Casse-tête juridique

Publié le 19 juillet 2004 Lecture : 2 minutes.

« Divulgation de documents administratifs confidentiels ; diffusion de fausses nouvelles ; actes et manoeuvres de nature à compromettre la sécurité publique et à provoquer des troubles politiques graves. » Tels sont les trois chefs d’inculpation que Seynabou Ndiaye Diakhaté, doyen des juges d’instruction du tribunal hors classe de Dakar, a énumérés dans l’ordre le 9 juillet à Madiambal Diagne, directeur de publication du Quotidien, avant de le placer en détention.
L’emprisonnement était légalement inévitable. Le troisième chef d’inculpation, prévu par l’article 80 du code pénal, impose ipso facto de placer la personne poursuivie sous mandat de dépôt. Cet article répressif est une disposition obsolète, qui n’a plus sa place dans l’arsenal juridique d’un pays comme le Sénégal. Le chef de l’État, Abdoulaye Wade lui-même, embastillé plus d’une fois sous l’ère Diouf sur la base de cet article, a plusieurs fois réclamé sa suppression.

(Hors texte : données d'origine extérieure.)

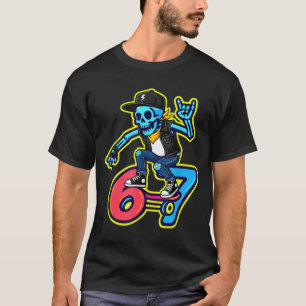 Funny 67 Skeleton Skater Meme Retro Skateboarding  T-Shirt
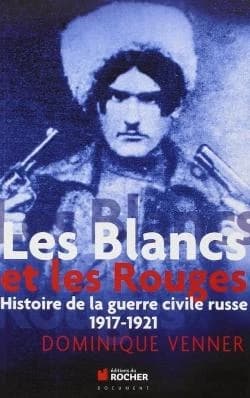 Les Blancs et les Rouges ; histoire de la guerre civile russe, 1917-1921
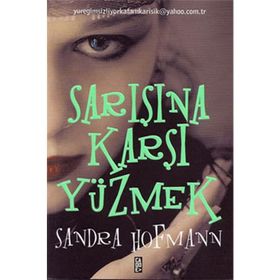 SARIŞINA KARŞI YÜZMEK - SANDRA HOFMANN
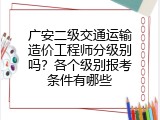 广安二级交通运输造价工程师分级别吗？各个级别报考条件有哪些
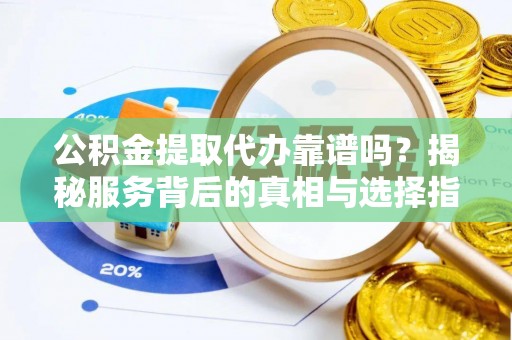 万秀公积金提取代办靠谱吗？揭秘服务背后的真相与选择指南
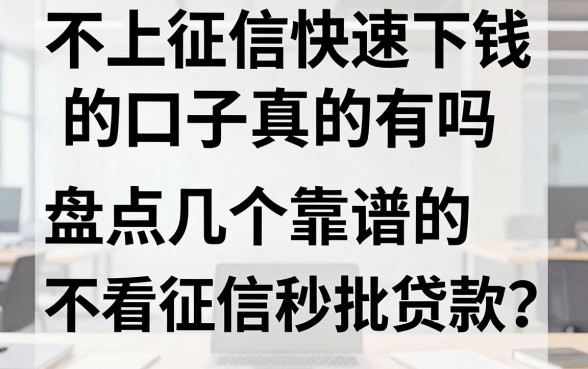 不上征信快速下钱的口子真的有吗,盘点几个靠谱的不看征信秒批贷款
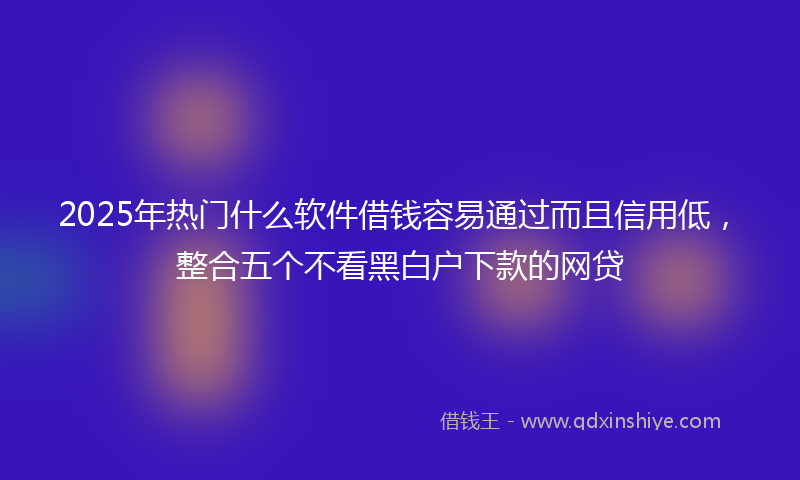 2025年热门什么软件借钱容易通过而且信用低，整合五个不看黑白户下款的网贷
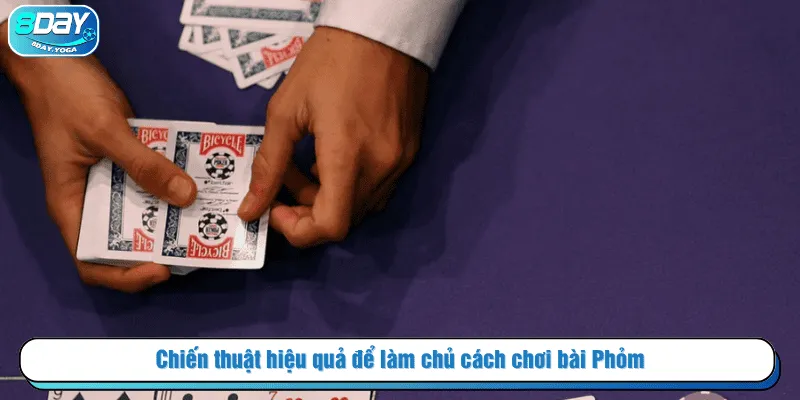 Chiến thuật hiệu quả để làm chủ cách chơi bài Phỏm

Dans le cas de Madiambal Diagne, la justice a qualifié de « manoeuvre de nature à compromettre la sécurité publique » la diffusion du compte-rendu (estampillé « secret ») de la réunion du Conseil supérieur de la magistrature, avec « des commentaires incitant les magistrats à la rébellion ».
En dépit des médiations, l’élargissement du prévenu est juridiquement fastidieux. Une personne poursuivie en vertu de l’article 80 ne peut être libérée qu’après avoir été auditionnée sur le fond de l’affaire. Ce qui n’avait pas été fait au moment où nous mettions sous presse. Le doyen des juges, qui affirme avoir 400 dossiers sur sa table, refuse de traiter « le cas Madiambal » en urgence.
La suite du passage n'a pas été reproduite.